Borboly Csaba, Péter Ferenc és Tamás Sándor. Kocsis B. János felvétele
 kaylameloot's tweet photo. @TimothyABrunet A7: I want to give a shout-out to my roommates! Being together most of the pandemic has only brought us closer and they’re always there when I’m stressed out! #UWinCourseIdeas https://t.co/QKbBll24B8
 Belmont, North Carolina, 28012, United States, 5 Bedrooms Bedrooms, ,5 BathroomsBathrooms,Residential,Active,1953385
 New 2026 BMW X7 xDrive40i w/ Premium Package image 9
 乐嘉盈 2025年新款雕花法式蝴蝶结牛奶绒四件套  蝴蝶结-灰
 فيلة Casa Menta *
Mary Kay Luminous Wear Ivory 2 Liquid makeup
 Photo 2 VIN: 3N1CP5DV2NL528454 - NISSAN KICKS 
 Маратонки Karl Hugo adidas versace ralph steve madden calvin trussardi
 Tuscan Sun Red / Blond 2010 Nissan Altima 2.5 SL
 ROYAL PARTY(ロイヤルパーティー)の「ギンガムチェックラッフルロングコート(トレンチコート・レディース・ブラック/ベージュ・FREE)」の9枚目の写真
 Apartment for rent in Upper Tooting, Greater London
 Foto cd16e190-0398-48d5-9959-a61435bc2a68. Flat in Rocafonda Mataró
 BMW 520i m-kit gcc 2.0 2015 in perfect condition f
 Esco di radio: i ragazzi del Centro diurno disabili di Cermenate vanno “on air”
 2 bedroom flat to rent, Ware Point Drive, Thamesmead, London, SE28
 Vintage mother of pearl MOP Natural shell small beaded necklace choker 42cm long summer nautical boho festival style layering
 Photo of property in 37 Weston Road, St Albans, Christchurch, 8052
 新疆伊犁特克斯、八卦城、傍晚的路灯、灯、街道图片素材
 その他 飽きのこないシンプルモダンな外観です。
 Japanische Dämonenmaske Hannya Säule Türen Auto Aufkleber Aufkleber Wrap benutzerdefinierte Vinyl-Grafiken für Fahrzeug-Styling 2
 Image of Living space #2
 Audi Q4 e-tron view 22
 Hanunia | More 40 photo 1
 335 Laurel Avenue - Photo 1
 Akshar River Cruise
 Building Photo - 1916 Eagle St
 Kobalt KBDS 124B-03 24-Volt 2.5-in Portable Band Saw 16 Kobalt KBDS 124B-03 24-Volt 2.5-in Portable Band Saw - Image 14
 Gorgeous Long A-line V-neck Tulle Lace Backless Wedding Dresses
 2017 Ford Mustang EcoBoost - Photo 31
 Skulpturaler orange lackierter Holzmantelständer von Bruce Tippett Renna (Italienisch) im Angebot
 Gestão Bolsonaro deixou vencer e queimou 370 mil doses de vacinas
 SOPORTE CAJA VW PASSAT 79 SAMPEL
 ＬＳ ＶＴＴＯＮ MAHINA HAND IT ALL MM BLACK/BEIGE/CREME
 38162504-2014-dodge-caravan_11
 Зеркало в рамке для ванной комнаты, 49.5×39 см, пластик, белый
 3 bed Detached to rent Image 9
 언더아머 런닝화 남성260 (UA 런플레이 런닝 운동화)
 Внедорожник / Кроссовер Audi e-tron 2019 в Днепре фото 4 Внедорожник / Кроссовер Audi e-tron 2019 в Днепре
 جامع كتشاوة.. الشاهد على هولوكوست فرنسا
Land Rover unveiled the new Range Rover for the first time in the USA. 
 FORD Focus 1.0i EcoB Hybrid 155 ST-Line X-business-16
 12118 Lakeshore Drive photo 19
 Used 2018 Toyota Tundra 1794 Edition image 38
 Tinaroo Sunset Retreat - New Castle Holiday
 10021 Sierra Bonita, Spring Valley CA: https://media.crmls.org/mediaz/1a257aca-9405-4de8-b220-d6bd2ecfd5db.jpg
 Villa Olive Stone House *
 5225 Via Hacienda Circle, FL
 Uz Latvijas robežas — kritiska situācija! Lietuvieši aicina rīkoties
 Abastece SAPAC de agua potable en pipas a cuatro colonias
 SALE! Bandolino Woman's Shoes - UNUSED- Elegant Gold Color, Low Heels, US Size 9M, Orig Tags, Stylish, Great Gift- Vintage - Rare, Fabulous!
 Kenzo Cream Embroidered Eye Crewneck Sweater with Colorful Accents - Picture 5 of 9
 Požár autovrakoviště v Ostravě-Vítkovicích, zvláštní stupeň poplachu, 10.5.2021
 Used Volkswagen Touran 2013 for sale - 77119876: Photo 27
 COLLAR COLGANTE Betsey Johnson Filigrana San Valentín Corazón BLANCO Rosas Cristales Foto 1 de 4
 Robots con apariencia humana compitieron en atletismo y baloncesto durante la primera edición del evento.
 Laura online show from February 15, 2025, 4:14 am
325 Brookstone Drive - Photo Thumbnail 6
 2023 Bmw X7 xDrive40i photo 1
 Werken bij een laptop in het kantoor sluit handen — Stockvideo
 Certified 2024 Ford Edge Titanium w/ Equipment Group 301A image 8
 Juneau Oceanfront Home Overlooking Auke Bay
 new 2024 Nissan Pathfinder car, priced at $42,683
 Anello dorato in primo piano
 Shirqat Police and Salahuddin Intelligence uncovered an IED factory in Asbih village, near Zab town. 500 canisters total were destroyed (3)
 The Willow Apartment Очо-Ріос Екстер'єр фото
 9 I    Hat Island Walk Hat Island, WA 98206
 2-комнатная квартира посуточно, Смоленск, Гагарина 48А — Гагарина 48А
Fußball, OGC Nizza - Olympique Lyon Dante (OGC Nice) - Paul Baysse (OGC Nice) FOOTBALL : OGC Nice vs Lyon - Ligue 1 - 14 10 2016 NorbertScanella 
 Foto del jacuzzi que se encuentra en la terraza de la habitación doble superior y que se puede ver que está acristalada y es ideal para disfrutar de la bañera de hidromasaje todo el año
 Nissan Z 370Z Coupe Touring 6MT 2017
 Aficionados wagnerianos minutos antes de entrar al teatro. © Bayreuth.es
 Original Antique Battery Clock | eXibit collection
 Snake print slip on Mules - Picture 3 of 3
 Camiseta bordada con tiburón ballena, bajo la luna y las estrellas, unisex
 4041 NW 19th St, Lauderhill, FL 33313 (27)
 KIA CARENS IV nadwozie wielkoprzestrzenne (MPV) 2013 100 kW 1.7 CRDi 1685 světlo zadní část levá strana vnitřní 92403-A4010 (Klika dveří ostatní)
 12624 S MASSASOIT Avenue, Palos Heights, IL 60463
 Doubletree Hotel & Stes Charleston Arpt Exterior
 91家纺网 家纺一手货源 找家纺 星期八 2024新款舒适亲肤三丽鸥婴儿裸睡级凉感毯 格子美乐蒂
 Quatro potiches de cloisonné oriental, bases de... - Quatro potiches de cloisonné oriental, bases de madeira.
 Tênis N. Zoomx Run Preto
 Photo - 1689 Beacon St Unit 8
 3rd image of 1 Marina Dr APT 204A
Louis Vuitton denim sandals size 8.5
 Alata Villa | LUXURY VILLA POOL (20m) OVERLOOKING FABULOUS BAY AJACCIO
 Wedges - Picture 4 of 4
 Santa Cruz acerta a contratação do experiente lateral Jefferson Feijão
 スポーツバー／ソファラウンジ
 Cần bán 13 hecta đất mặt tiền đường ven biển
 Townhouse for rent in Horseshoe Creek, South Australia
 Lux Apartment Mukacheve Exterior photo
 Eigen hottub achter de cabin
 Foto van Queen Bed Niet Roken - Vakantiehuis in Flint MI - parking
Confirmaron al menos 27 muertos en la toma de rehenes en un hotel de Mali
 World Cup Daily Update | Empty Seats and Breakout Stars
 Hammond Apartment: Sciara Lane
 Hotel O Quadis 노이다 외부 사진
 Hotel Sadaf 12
_ _ _ _ _
Task statement:
Among the entries above, copy exactly only the lines starting with the one containing "Land Rover unveiled" and going through the one containing "Tinaroo Sunset Retreat - New Castle Holiday", both ends included.

Response:
Land Rover unveiled the new Range Rover for the first time in the USA. 
 FORD Focus 1.0i EcoB Hybrid 155 ST-Line X-business-16
 12118 Lakeshore Drive photo 19
 Used 2018 Toyota Tundra 1794 Edition image 38
 Tinaroo Sunset Retreat - New Castle Holiday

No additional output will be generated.